A special case of Cheboratev's density theorem states that, for $K/\mathbb{Q}$ a Galois number field of degree $n$, then the rational primes that split completely in $K$ have density $1/n$.
Is there an elementary proof of this fact?
Actually I'm asking this only to apply it to $K=\mathbb{Q}(\zeta_n)$ and get that the density is nonzero, and there is an elementary proof of this. However I'm also interested in the more general result.
Best Answer
There does exist an elementary proof, and is given in many books on algebraic number theory. I think it is in Lang's book. I reproduce the proof below.

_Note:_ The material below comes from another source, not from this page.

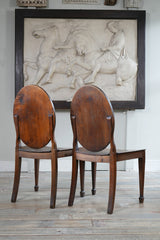 A Pair of George III Side Chairs in the manner of Mayhew & Ince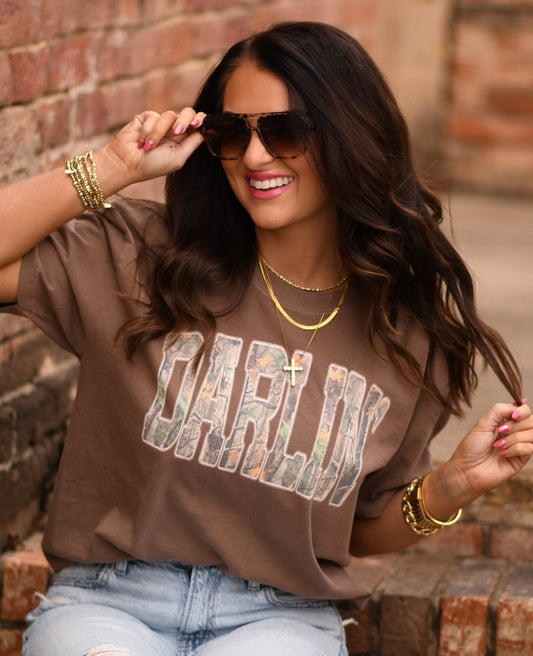 Woman wearing a brown Comfort Colors unisex graphic tee with camo “Darlin’” lettering styled with denim jeans and gold accessories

Consider $ \zeta _K(s)=\prod _{\mathfrak p}(1-\frac{1}{(N\mathfrak p)^{s}})^{-1}$ where $\mathfrak p$ runs over all prime ideals in the ring of integers in $K$. Therefore,
$$\log (\zeta _K(s))=\sum _{\mathfrak p}\sum _ {m\geq 1} \frac{1}{m(N\mathfrak p)^{ms}}$$
Since $\zeta _K(s)=\frac{1}{s-1}(a_0+a_1(s-1)+\cdots)$ with $a_0\neq 0$, it follows that $\frac{\log (\zeta _K(s))}{\log \frac{1}{s-1}}$ tends to $1$ as $s$ tends to $1$ from the right. On the other hand, in this limit, only the term $m=1$ and $\mathfrak p$ of degree one over $\mathbb Q$ need be considered. Hence we get $$1= \lim _{s \rightarrow 1} \frac{\sum _{\mathfrak p} \frac{1}{(N\mathfrak p) ^s}}{\log \frac{1}{s-1}}.$$ Now, degree $1$ primes $\mathfrak p$ lie over rational primes $p$ which split completely in $K$, and over each $p$, there are $n=\deg(K/{\mathbb Q})$ primes $\mathfrak p$ of degree $1$. Hence we get
$$1=\lim _{s\rightarrow 1} n\left( \frac{\sum _p \frac{1}{p^s}}{\log \frac{1}{s-1}}\right)$$ where the sum is over primes $p$ which split completely. This gives what you want.